Identification of Anther Length QTL and Construction of Chromosome Segment Substitution Lines of Oryza longistaminata

Plants 2019, 8(10), 388; https://doi.org/10.3390/plants8100388
by Takayuki Ogami, Hideshi Yasui, Atsushi Yoshimura and Yoshiyuki Yamagata *
Reviewer 1: Anonymous
Reviewer 2: Anonymous
Reviewer 3:
Reviewer 4: Anonymous
Plants 2019, 8(10), 388; https://doi.org/10.3390/plants8100388
Submission received: 30 August 2019 / Revised: 22 September 2019 / Accepted: 29 September 2019 / Published: 29 September 2019
(This article belongs to the Special Issue Genetics in Rice)

Round 1

Reviewer 1 Report

I suggest a title like - Identification of QTL regulating anther length in Oryza longistaminata

 

Abstract

Need to provide the size of mapping populations and number and type of markers used for linkage map and QTL analysis.

“In the genome-wide QTL analysis of “ – “QTL analysis of..”

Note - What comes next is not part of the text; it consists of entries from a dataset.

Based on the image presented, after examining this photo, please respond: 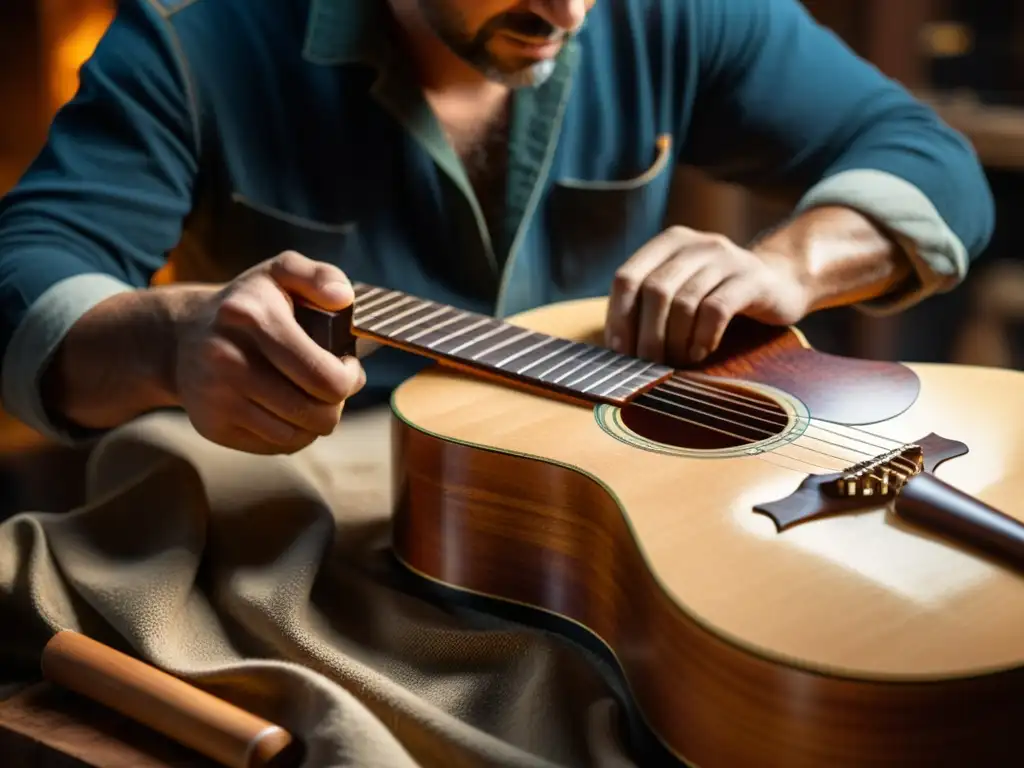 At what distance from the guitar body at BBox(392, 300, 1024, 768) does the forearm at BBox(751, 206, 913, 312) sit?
0.09 m

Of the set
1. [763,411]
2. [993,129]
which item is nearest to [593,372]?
[763,411]

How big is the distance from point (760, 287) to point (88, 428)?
0.49 meters

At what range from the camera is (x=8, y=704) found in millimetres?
624

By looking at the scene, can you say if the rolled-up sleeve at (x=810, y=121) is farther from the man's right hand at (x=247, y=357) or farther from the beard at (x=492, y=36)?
the man's right hand at (x=247, y=357)

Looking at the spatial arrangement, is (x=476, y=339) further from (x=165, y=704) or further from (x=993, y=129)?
(x=993, y=129)

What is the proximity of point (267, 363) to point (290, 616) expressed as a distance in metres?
0.14

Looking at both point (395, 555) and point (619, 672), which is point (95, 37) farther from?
point (619, 672)

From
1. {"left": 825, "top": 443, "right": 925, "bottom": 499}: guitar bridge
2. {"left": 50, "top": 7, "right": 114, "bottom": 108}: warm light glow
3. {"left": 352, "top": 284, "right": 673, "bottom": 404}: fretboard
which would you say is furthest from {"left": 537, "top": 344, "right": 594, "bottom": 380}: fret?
{"left": 50, "top": 7, "right": 114, "bottom": 108}: warm light glow

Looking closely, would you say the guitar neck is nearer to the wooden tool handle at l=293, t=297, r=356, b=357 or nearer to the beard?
the wooden tool handle at l=293, t=297, r=356, b=357

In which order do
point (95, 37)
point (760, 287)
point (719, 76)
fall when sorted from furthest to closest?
point (95, 37) < point (719, 76) < point (760, 287)

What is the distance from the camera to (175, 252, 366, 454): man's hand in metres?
0.62

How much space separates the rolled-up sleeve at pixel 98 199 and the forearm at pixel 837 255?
0.48m

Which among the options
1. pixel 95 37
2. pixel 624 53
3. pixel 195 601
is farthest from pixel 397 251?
pixel 95 37

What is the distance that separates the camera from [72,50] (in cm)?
136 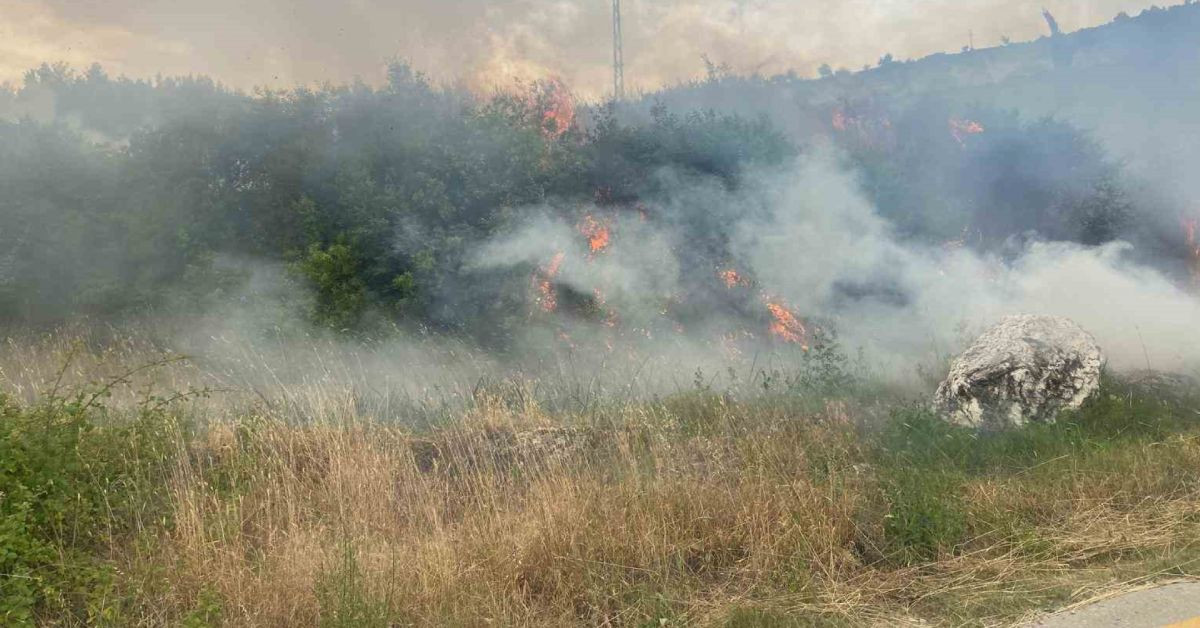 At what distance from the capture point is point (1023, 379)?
6387mm

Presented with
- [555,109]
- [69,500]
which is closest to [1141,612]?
[69,500]

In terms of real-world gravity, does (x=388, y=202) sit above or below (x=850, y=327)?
above

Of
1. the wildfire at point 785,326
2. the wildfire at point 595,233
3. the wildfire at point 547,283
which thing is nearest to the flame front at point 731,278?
the wildfire at point 785,326

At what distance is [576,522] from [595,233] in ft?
20.9

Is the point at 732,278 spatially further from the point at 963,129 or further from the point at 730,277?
the point at 963,129

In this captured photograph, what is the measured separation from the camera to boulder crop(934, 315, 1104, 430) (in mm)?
6328

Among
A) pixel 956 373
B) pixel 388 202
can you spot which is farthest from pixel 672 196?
pixel 956 373

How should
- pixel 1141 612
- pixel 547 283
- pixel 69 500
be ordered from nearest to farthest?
pixel 1141 612 → pixel 69 500 → pixel 547 283

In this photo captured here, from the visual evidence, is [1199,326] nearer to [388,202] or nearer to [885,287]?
[885,287]

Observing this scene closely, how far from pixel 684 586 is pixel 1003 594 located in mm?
1496

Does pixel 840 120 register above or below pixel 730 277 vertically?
above

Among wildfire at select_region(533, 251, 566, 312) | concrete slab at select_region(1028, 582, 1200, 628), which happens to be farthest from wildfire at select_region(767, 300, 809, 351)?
concrete slab at select_region(1028, 582, 1200, 628)

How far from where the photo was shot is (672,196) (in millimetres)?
10500

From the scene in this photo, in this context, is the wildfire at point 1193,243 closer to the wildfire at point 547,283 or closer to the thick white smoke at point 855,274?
the thick white smoke at point 855,274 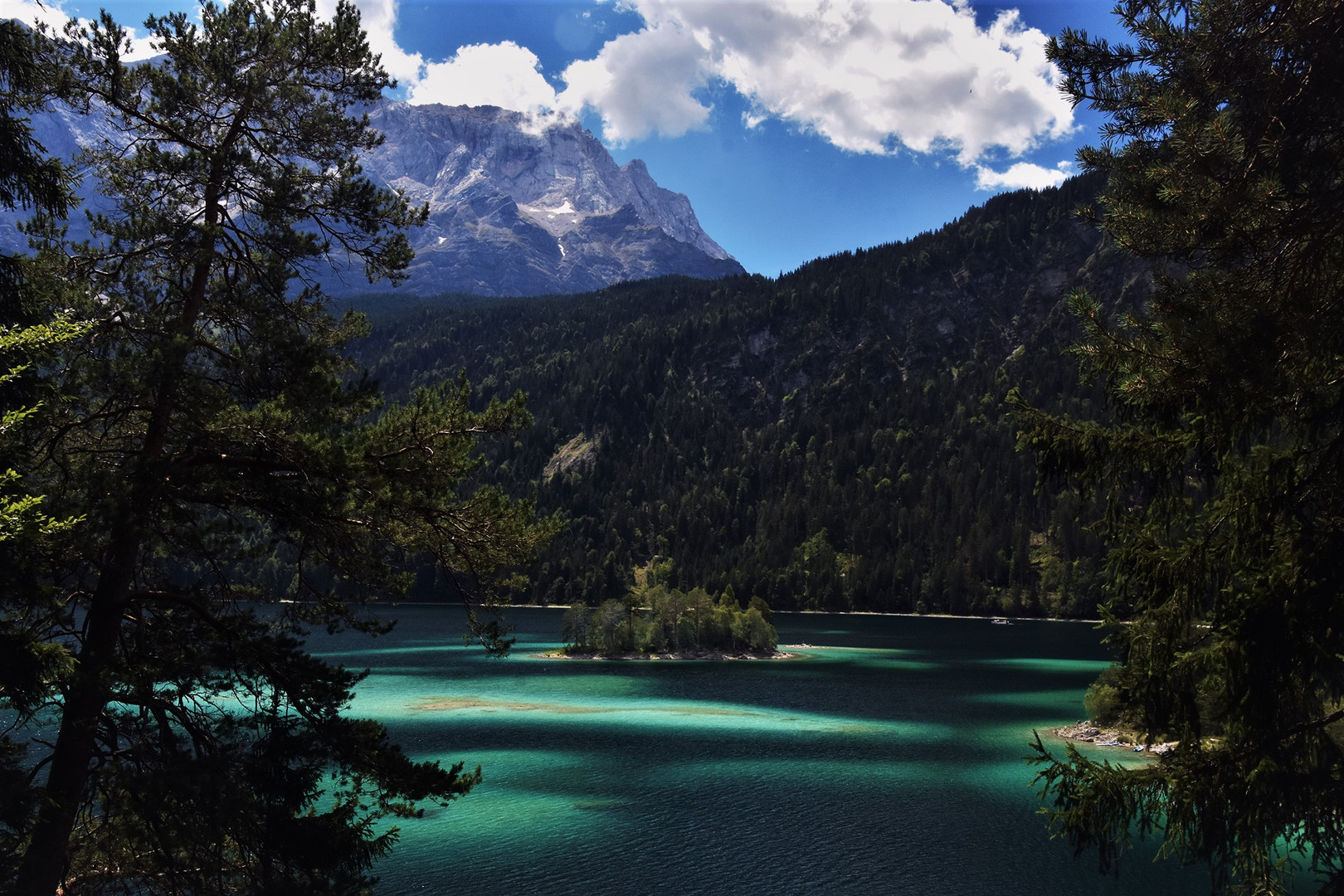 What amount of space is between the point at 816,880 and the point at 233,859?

“Thirteen possible QTLs” – This is confusing

 

Introduction

“a by using advanced backcrossed QTL analysis” – inappropriate

 

Results

Need to use the abbreviation IL, and CSSLs consistently.

 

Before starting with QTLs results, the number of progenies/lines used to genotype and phenotypes need to make very clear. The population generated and used for QTL mapping looks very confusing. Make it simpler and straight forward. For instance “the 26 BC3F2 populations” has how many progenies that used for genotyping and phenotyping.

 

Chrs. 1–6 and 9–11 – not clear the nomenclature of Chrs.

 

I suggest not to abbreviate Anther Length.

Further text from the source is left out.